In terms of programming ability, Gemini 3 is the best context programming and Agent programming model Google has ever built.
This model topped the WebDev arena leaderboard with a score of 1487 Elo. It scored 54.2% in the Terminal - Bench 2.0 test for model tool - use ability and far outperformed 2.5 Pro in the SWE - bench Verified benchmark test for measuring programming Agent capabilities.
Developers can use Gemini 3 for development in Google AI Studio, Vertex AI, Gemini CLI, and Google's new Agent development platform, Google Antigravity. It also supports third - party platforms such as Cursor, GitHub, JetBrains, Manus, Replit, etc.
Since Gemini 2, Google's Gemini models have made many advances in the Agent field. This time, Gemini 3 also topped the Vending - Bench 2 leaderboard. This benchmark test assesses the model's long - term planning ability by simulating the operation of a vending machine business. The results show that in a one - year simulated operation, Gemini 3 Pro consistently maintained stable tool use and decision - making coherence, neither deviating from the task goal nor achieving higher profits.
This means that Gemini 3 can help users complete daily tasks, such as booking local services or organizing the inbox.
03.
A new Agent development platform makes its debut
Realize end - to - end software development automation
Today, Google also released a new Agent development platform, Google Antigravity.
With the advanced inference, tool use, and Agent programming capabilities of Gemini 3, Google Antigravity transforms AI - assisted features from just a tool in the developer's toolkit into a proactive partner.
Although the core of Google Antigravity is still the AI integrated development environment (AI IDE) experience, its Agents have been upgraded to a dedicated interface and can directly access the editor, terminal, and browser. Now, these Agents can independently plan and synchronously execute complex end - to - end software tasks for developers while also validating their own code.
In addition to Gemini 3 Pro, Google Antigravity will also integrate Google's latest Gemini 2.5 Computer Use model and the image - editing model Nano Banana.
Google Antigravity used Gemini 3 to create an end - to - end Agent workflow for a flight - tracking application. This Agent can independently plan, write application code, and verify its execution effect through browser - based computer operations.
Finally, Google also mentioned that Gemini 3 is its safest model to date and has undergone the most comprehensive security assessment among Google's AI models. Model evaluation results show that it has less sycophantic behavior, stronger resistance to immediate injection, and improved protection against network attack abuse.

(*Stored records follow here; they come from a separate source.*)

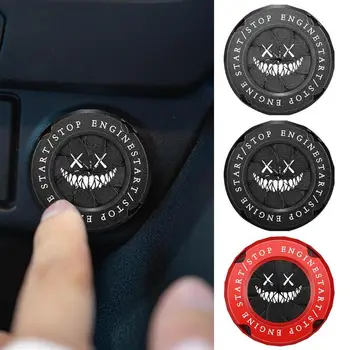 Poklopac gumb za pokretanje motora od legure, čvrste i trajno zaokretni zaštitni poklopac, dizajn nasmijana lica za ukrašavanje automobila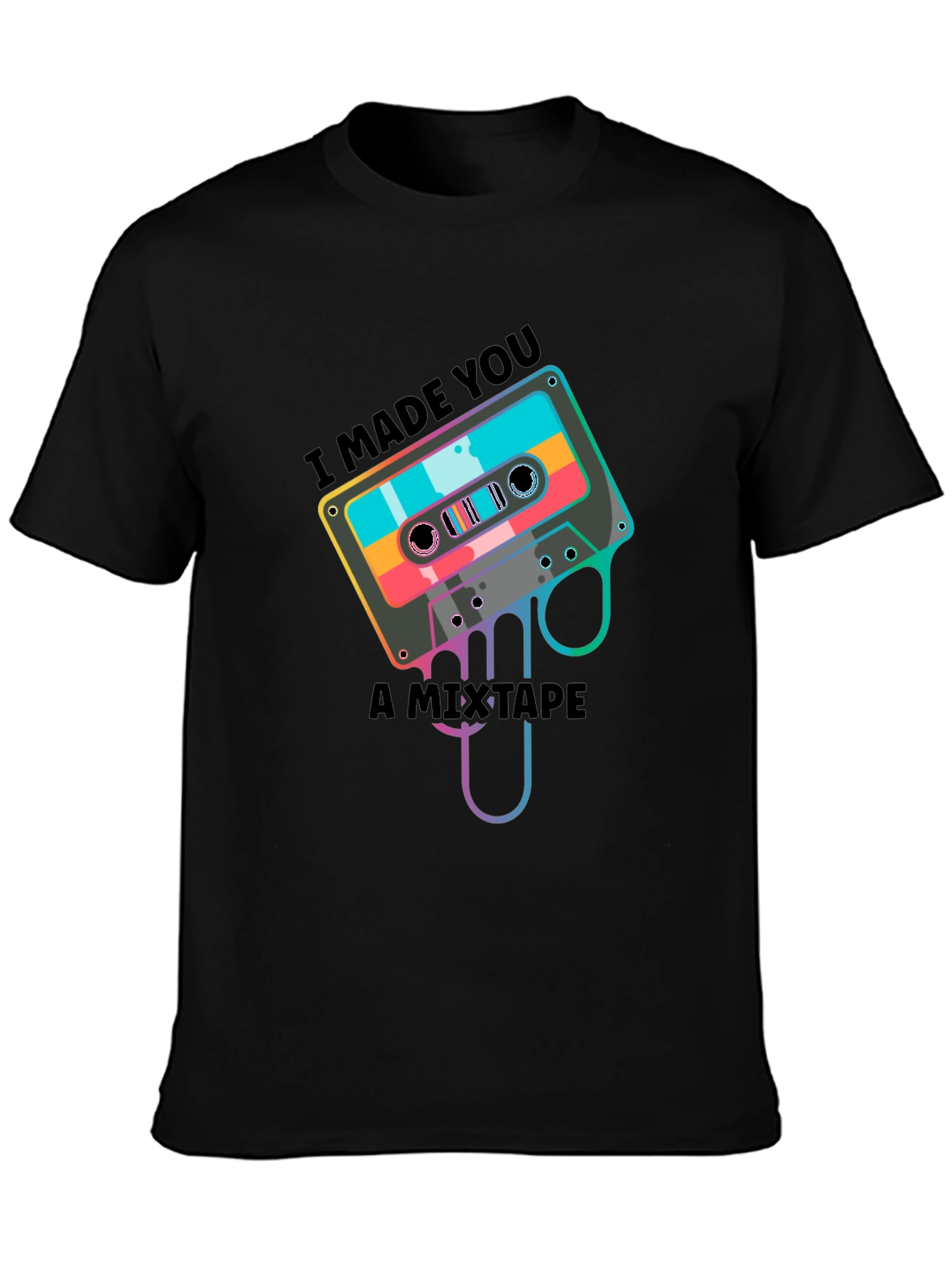 Black Retro Mixtape T-Shirt - I Made You A Mixtape view 3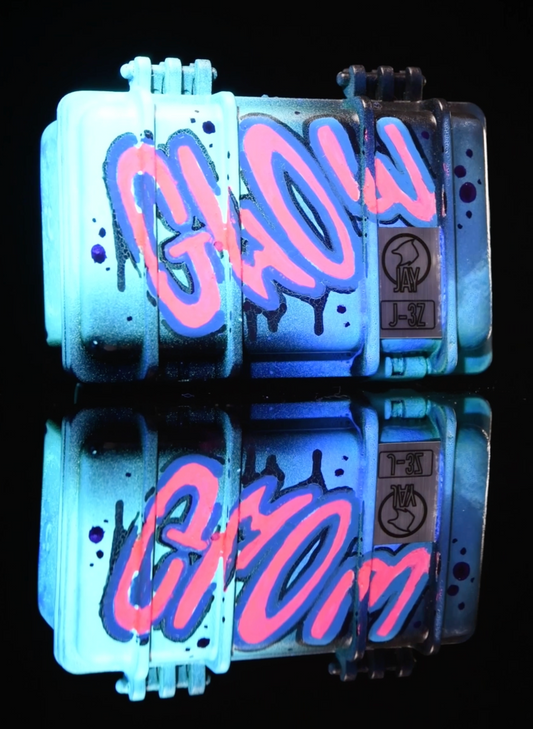 Sykotik Designs Collab Blue "GLOW" UV Reactive and Glow in the Dark Case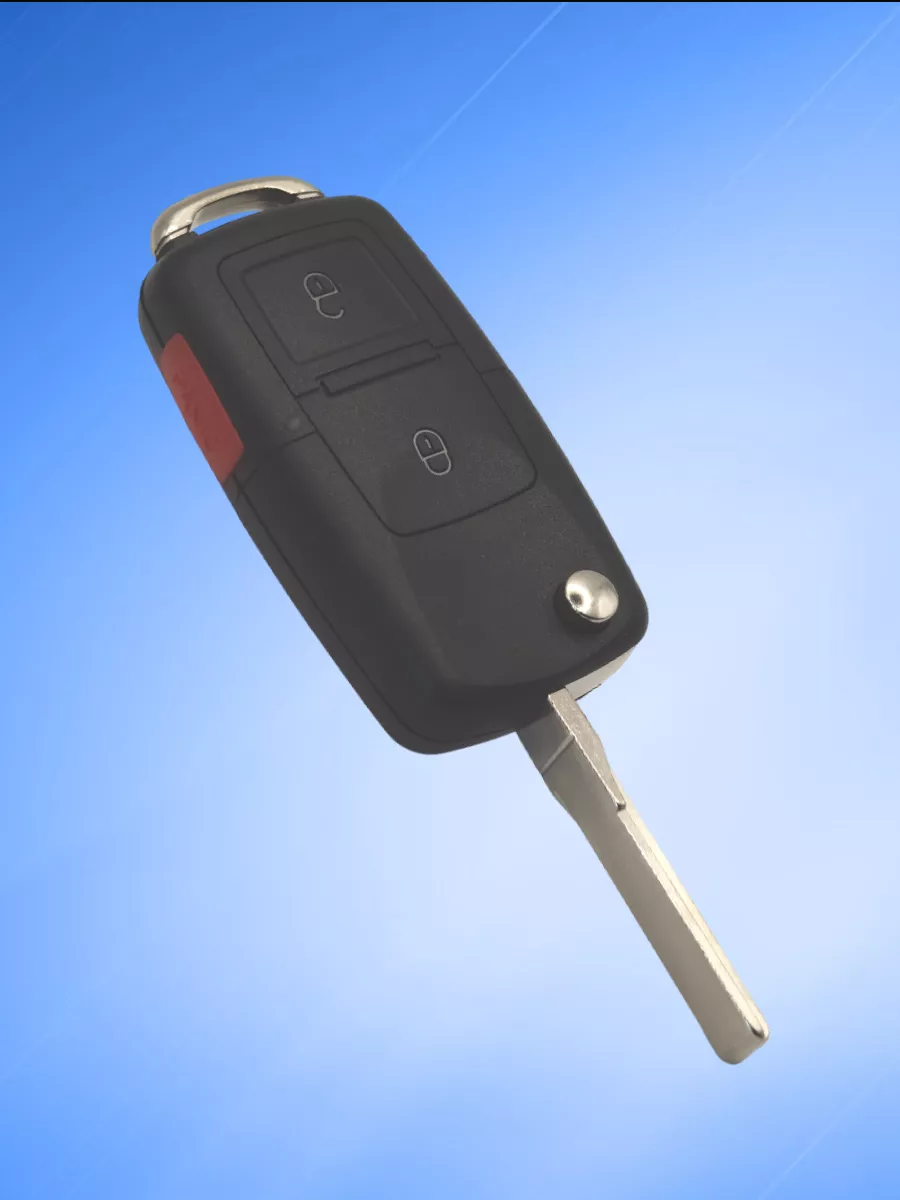 Корпус выкидного ключа с 2 кнопками +Panic для VW, батарейка на плате
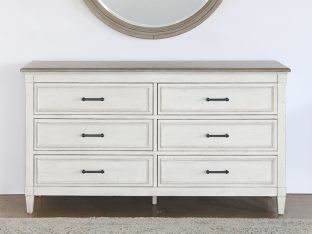 Antique White 6 Drawer Dresser With Wood Top
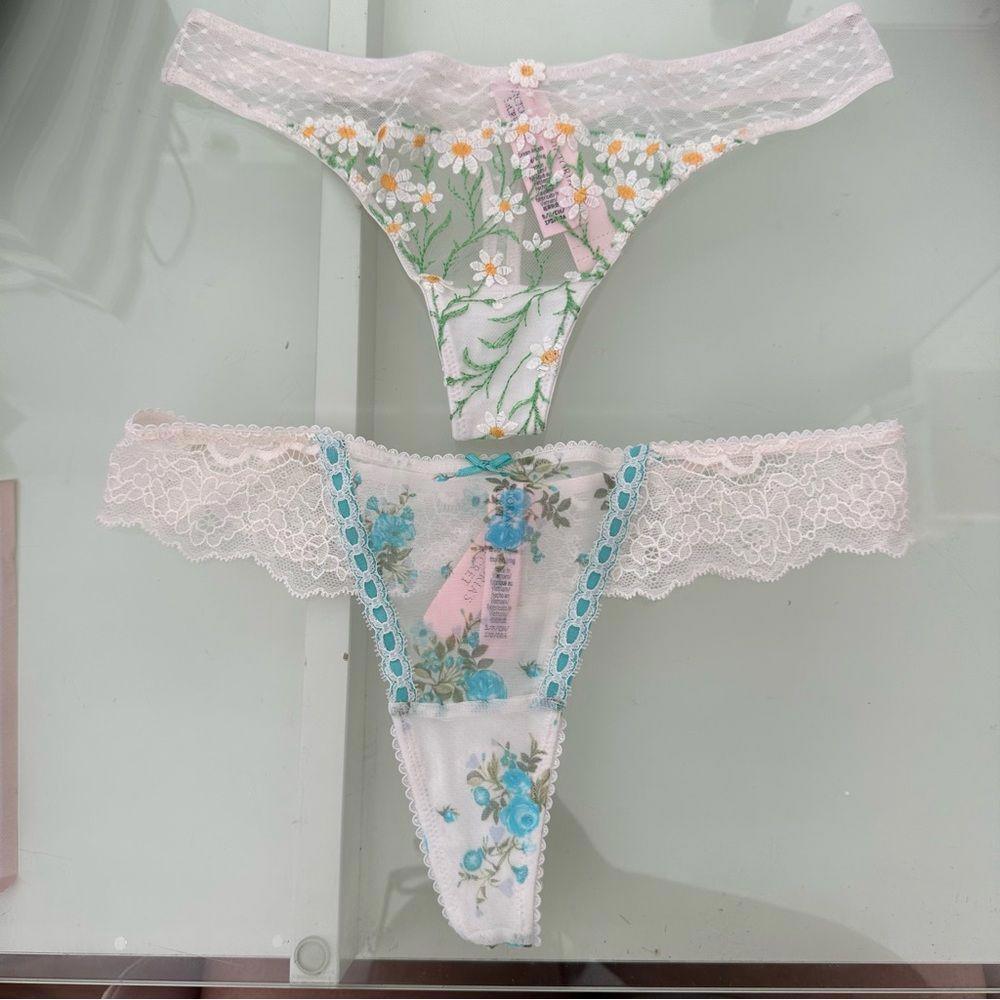 Victoria’s Secret floral embroidery thong panties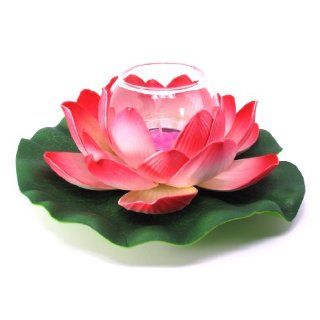 Floating Lotus Flower with Glass Tealight Candle Holder, Small, Approximately 8" Diameter x 3.5"H, Red   Tea Light Holders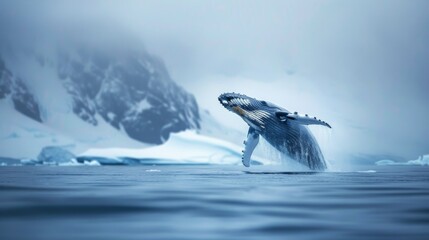 A humpback whale in Antarctica jumping high out of the water with an iceberg in the background, showcasing its impressive strength and agility.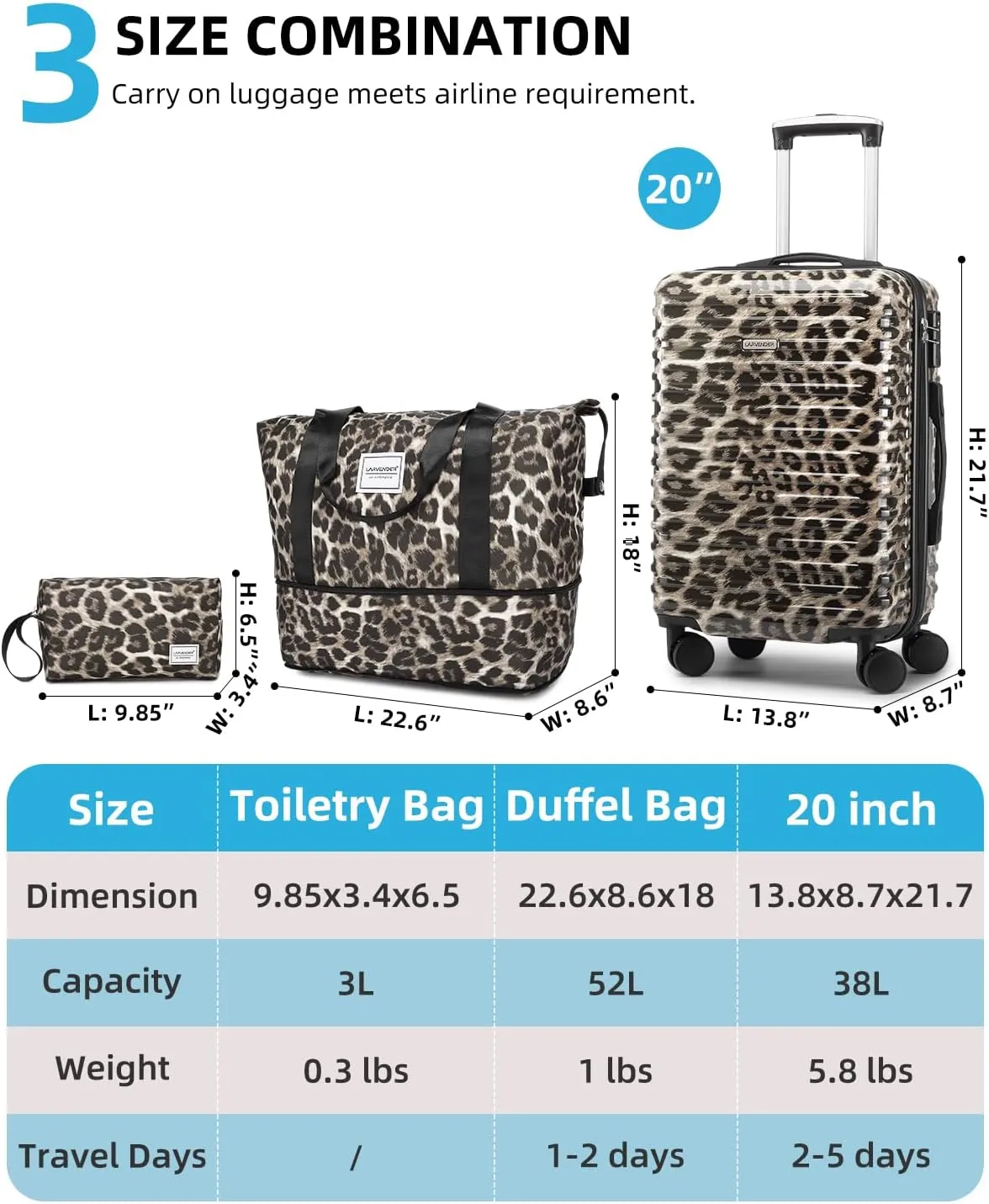 LARVENDER Carry on Luggage 22x14x9 Airline Approved, 20 Inch Hardside Suitcase with Wheels TSA Lock, PC ABS Lightweight Carry on Suitcases for Women, Cheetah Print (20/DB/TB)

Nearly two years have passed since the release of the Gemini model in December 2023: Gemini 1 made breakthroughs in native multimodality and long - context windows, expanding the types and volume of information that can be processed; Gemini 2 can help users handle more complex tasks and ideas, and Gemini 2.5 Pro led the LMArena rankings for more than six months.
Now, the monthly active users of Google's AI Overviews search function based on the Gemini model have reached 2 billion, the monthly active users of Gemini applications exceed 650 million, more than 70% of cloud customers use Google's AI features, and 13 million developers have built works using its generative models.